Of all the lines below, output only those starting at the one with "Nike Air Trainer" and ending at the one with "Intermec SR61HD DPM Barcode Scanner", both ends included, exactly as written.

Records from a data source:
--

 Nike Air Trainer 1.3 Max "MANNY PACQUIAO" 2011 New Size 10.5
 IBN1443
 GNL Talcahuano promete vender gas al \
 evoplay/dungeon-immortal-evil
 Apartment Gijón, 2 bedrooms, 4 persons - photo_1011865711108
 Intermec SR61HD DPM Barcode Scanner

--

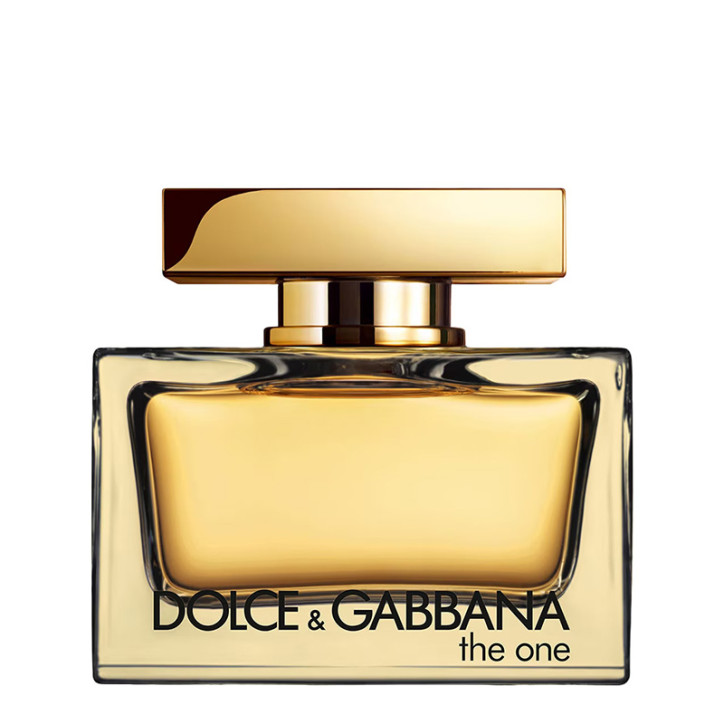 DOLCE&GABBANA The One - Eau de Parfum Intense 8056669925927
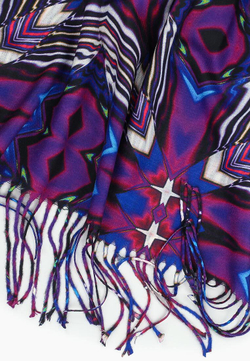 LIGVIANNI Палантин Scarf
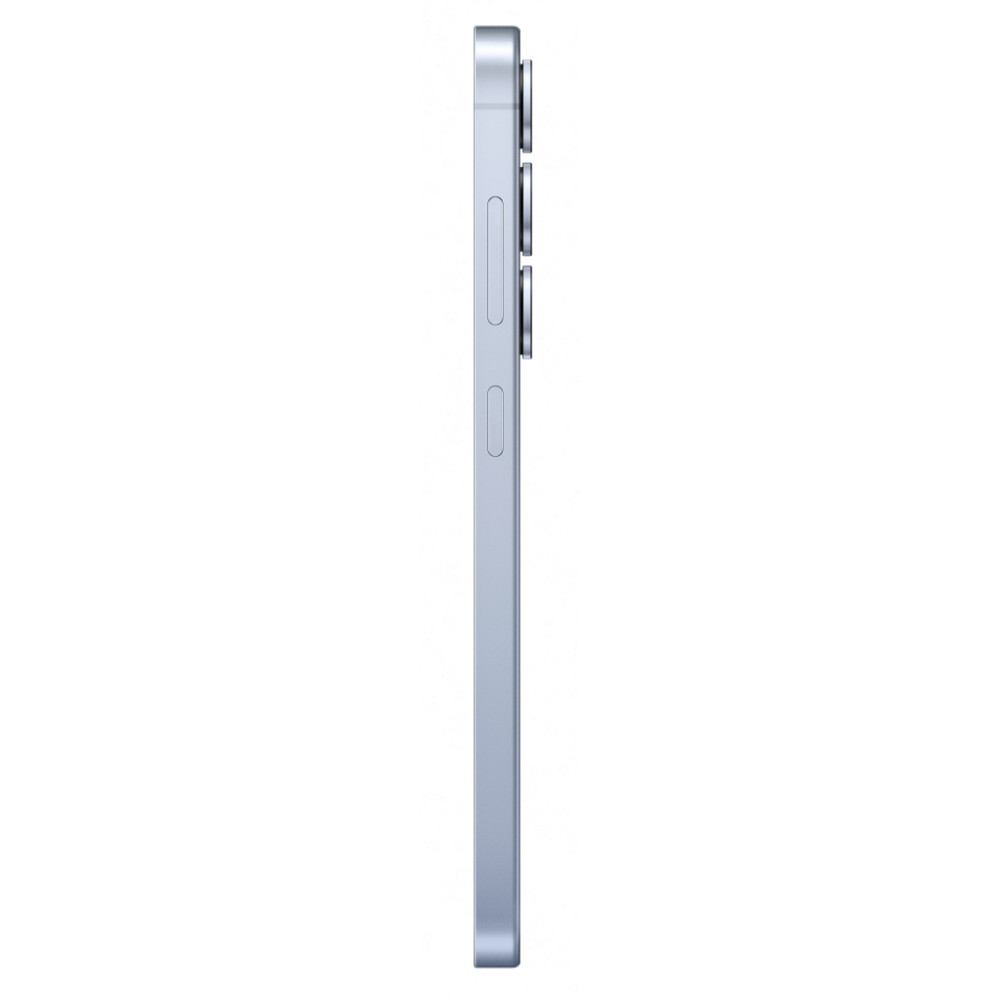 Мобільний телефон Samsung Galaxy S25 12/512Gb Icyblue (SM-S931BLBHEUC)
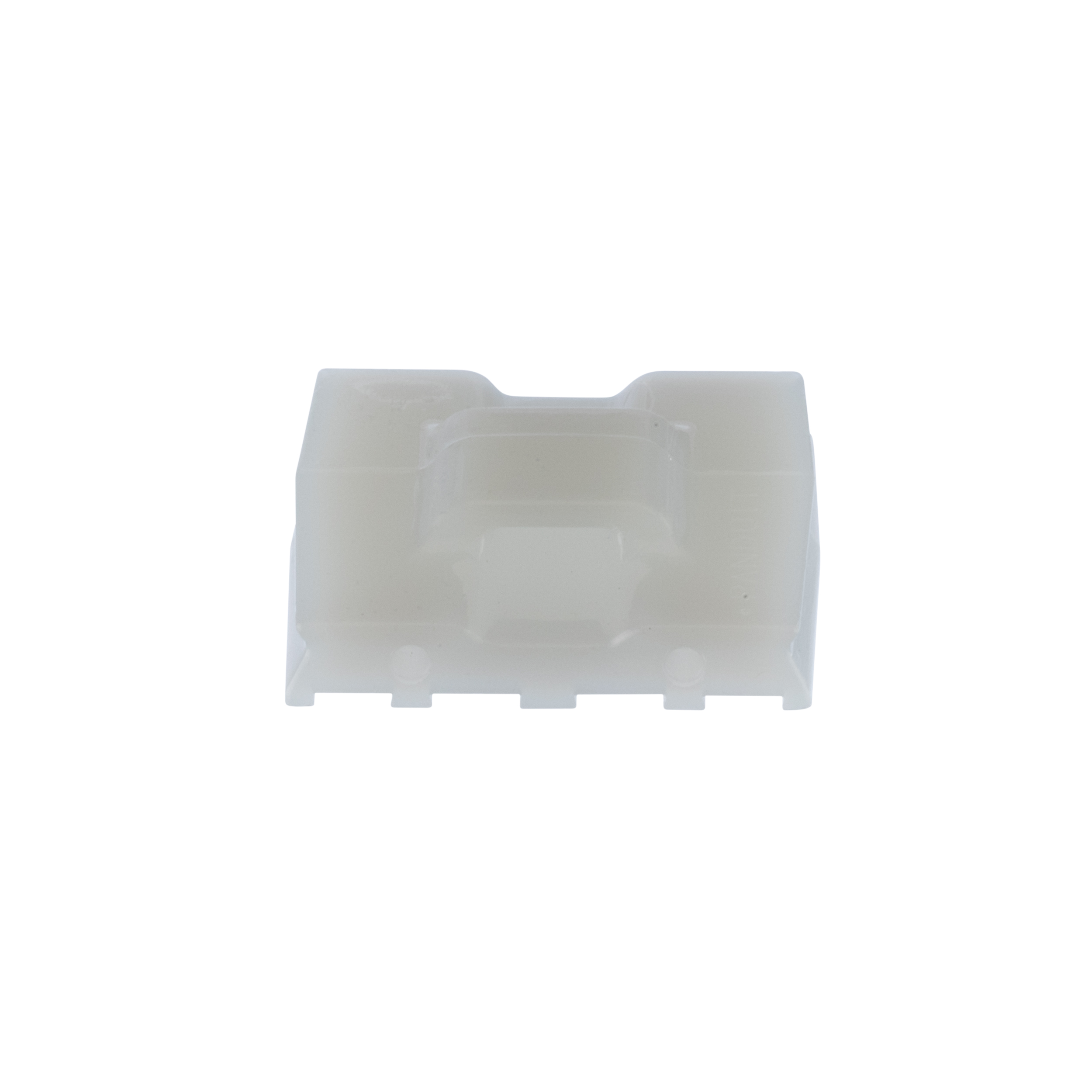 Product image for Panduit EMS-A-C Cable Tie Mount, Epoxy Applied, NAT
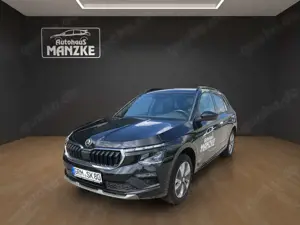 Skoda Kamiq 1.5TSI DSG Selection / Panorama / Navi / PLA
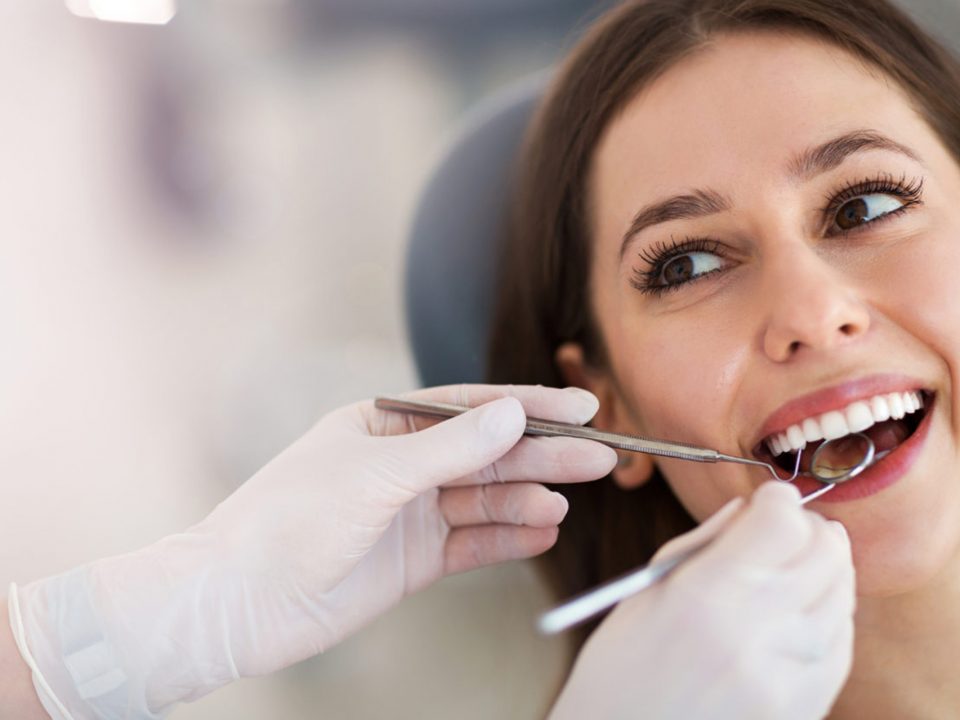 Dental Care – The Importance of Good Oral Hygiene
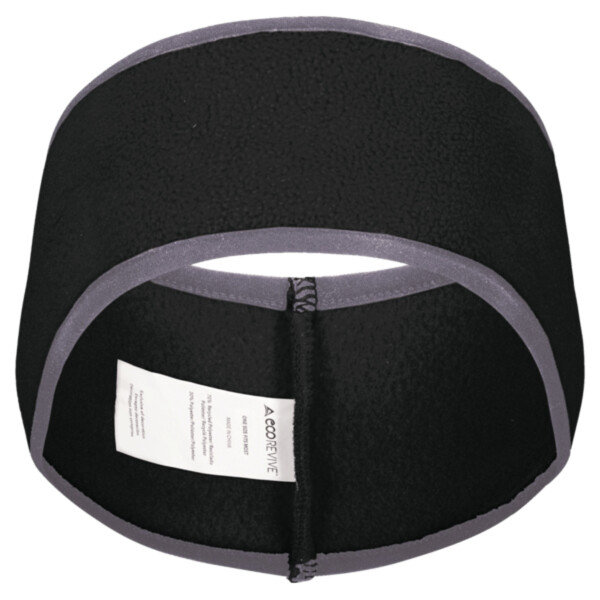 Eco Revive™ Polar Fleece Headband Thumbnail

--

* **Answer to this task**:
 Nike Air Trainer 1.3 Max "MANNY PACQUIAO" 2011 New Size 10.5
 IBN1443
 GNL Talcahuano promete vender gas al \
 evoplay/dungeon-immortal-evil
 Apartment Gijón, 2 bedrooms, 4 persons - photo_1011865711108
 Intermec SR61HD DPM Barcode Scanner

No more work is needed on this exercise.